At this time I am currently investing my tax returns in my TFSA as well, I have read that it makes more sense for some people to put it in the RRSP for the tax return will grow further annually.

Truth is I still feel very lost with all this financial stuff. I want to do everything I can to ensure a secure future and often feel as if I am not doing enough. Realistically I do not want to wait until I am 65 to retire, so I am trying to learn everything I can so that I can take the best way or closest to the best way for financial security.

In addition I intend on starting with the government of Alberta next year, this should take my income from 46k to 73k which will provide me with the ability to contribute more to the RRSP as well. In addition I will also get a pension as I would like to do a significant number of years with them.


----------



## cashinstinct (Apr 4, 2009)

TFSA VS RRSP dépends on your expectations of future income (and many other factors).

If you think your income is going down, RRSP makes more sense since you would get your tax return based on marginal tax rate (example 40%) now but will be taxed on your average rate when you withdraw money in many-many years.

However, if you think your income is going up, TFSA makes more sense.

____

Since you can't control future tax rates, it's tough to know "which one" is better.

Since you plan to increase income next year by a significant amount, you should not deduct your RRSP contributions this year. You should wait till next year to deduct them since they will "pay more" (increase in marginal tax rate).

(you can make contributions in 2014 but use them in 2015).

___

My approach: I mix both. I invest in RRSP and TFSA. I max out yearly TFSA and the extra goes to RRSP.


----------



## My Own Advisor (Sep 24, 2012)

I try and max out my TFSA first. It's a tax-free account after all. 

I invest in my RRSP after that, 10% net income or more if I can. Hopefully I can max out RRSP contributions in a few more years...that's the goal anyhow.


----------



## cannew (Jun 19, 2011)

Take advantage of the employer rrsp contribution to the max. Then you can look at the tfsa and additional rrsp. Remember that tfsa are after tax, while rrsp reduce your current taxes (which you will then pay tax upon withdrawal). In all cases stick to solid companies and avoid speculation.


----------



## indexxx (Oct 31, 2011)

Like many, I do both. I also have an RRSP match at work, and also do a bi-weekly payment out of my bank into TD e-series funds in an RRSP. What I then do is take my tax refund and put it straight into my TFSA and top it up. 

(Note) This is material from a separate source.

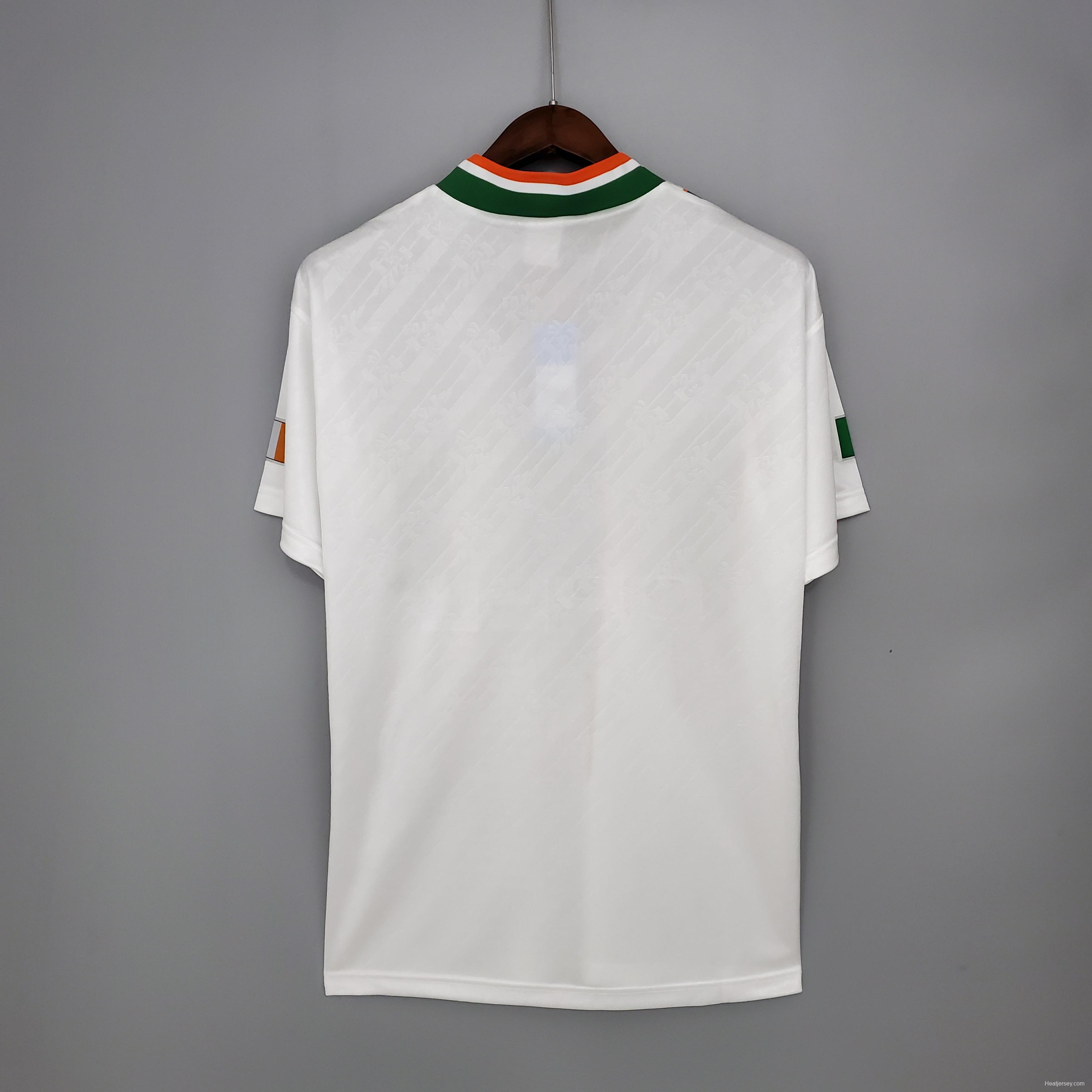 Retro Ireland 1994 away Soccer Jersey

The mistake most people make when they get an RRSP refund is to spend it, thinking it's 'free money'. Essentially, this defeats the whole purpose of the RRSP in the first place as of course you'll have to pay tax on the withdrawals at some point. So eventually I'll use the tax-free growth in my TFSA to pay the taxes on my RRSP. I assume my income at retirement will be slightly less than my working life. Most working people will be in this situation- unless they own businesses or lots of rental property or something.


----------



## uptoolate (Oct 9, 2011)

Also remember that you can make contributions to your RRSP now and start tax-deferred growth but wait until later years (hopefully when income is greater and marginal tax rate are higher) to claim the contributions in order to get higher refunds.


----------



## Tawcan (Aug 3, 2012)

That's great that you're taking advantage of the RRSP matching from your employer. What kind of stuff can you invest with the work RRSP account? If it's mutual fund with high MER I'd open a self directed RRSP and try to reduce the fees as much as possible.

I try to max both TFSA and RRSP. TFSA is typically the first account that I max out.


----------



## Butters (Apr 20, 2012)

Always take the free matching!!!

When you get to larger tax brackets RRSP is nicer especially if you plan on lowering your tax bracket later. (Go part time at 50 for example)

You can also use up to 25k of RRSP to buy your * first house *
(If you think of this it's like a free cash advance you have 15 years to pay back)

Until you get that raised annual income put in your 5.5k/year into TFSA


Other than that 25k you probably won't touch your RRSP unless you lose your income or retire

Whereas a tfsa you can take out to purchase something and build it back up next calendar year

You should figure out your goals (like house) then plan from there!


----------



## indexxx (Oct 31, 2011)

uptoolate said:


> Also remember that you can make contributions to your RRSP now and start tax-deferred growth but wait until later years (hopefully when income is greater and marginal tax rate are higher) to claim the contributions in order to get higher refunds.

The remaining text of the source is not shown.